May greets me at the door. She looks like she has been waiting for me. She doesn’t look like the highland girls, she looks more Polynesian, from Hawaii, or Fiji or somewhere even more exotic. I don’t speak, just grab her arm and pull her towards her little bedroom. She laughs. I laugh. I remove my clothes and help her take hers from her exquisite body. She lies on the bed and I roll on top of her, go quickly to her place of entry, find my way in, and move, gently, because May is a gentle woman full of what seems to be love and kindness. I have no time for foreplay, for seduction, and May doesn’t seem interested either. My confidence is growing. If, on the odd occasion, the lizard cannot find a way in, I make a quick adjustment and seek a more suitable location. When my final rush is over and we both lie still I ask her if she would like a cup of tea. She says yes and gets up to make it.
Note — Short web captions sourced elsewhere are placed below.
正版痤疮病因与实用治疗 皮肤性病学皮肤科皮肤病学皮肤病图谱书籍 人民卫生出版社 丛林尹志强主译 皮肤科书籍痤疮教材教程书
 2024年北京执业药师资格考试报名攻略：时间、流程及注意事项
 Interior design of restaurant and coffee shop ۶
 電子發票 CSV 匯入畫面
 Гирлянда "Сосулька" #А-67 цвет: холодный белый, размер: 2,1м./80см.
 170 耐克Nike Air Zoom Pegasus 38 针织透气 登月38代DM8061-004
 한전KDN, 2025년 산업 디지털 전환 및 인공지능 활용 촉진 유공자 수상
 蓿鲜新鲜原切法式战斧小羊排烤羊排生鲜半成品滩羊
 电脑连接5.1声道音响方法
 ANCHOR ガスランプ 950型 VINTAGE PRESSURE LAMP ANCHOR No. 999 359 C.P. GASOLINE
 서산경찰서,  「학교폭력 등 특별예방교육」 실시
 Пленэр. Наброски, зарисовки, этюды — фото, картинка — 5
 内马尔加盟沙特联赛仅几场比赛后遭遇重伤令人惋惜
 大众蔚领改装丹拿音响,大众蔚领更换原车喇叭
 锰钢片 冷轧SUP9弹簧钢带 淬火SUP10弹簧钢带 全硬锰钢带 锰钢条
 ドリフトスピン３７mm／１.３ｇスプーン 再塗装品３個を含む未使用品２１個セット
I am reading The Carpetbaggers, another Harold Robbins tome. There’s a bloke in it I like, Nevada Smith. He’s part Kiowa, an American Indian tribe from Oklahoma. He’s strong, tough, a killer, a lover, a man. His parents are killed by some bandits and he chases them down one by one and kills them all like the racist dogs they are and begins a life of crime, killing and sex. Along the way he is insulted and abused for being Indian, mistaken for a white man, all kinds of women throw themselves at him and he becomes a movie star. He has piercing blue eyes. I try to make mine pierce and I dream of important battles to fight and incidents to avenge. If only some evil prick would oblige and kill May and force me to track him down like the pig he is so I can slit the bastard’s throat with my hunting knife and avenge not only May but all women like her who have been ravaged by men like him.
I don’t knock, not anymore, I just walk in. May is sitting at her little kitchen table in her tiny kitchen. She smiles. I smile. When May smiles you lose control over your face. I look towards the tiny bedroom off the kitchen. It is the only other room. She smiles again. She gets up from her chair and puts her empty cup on the sink.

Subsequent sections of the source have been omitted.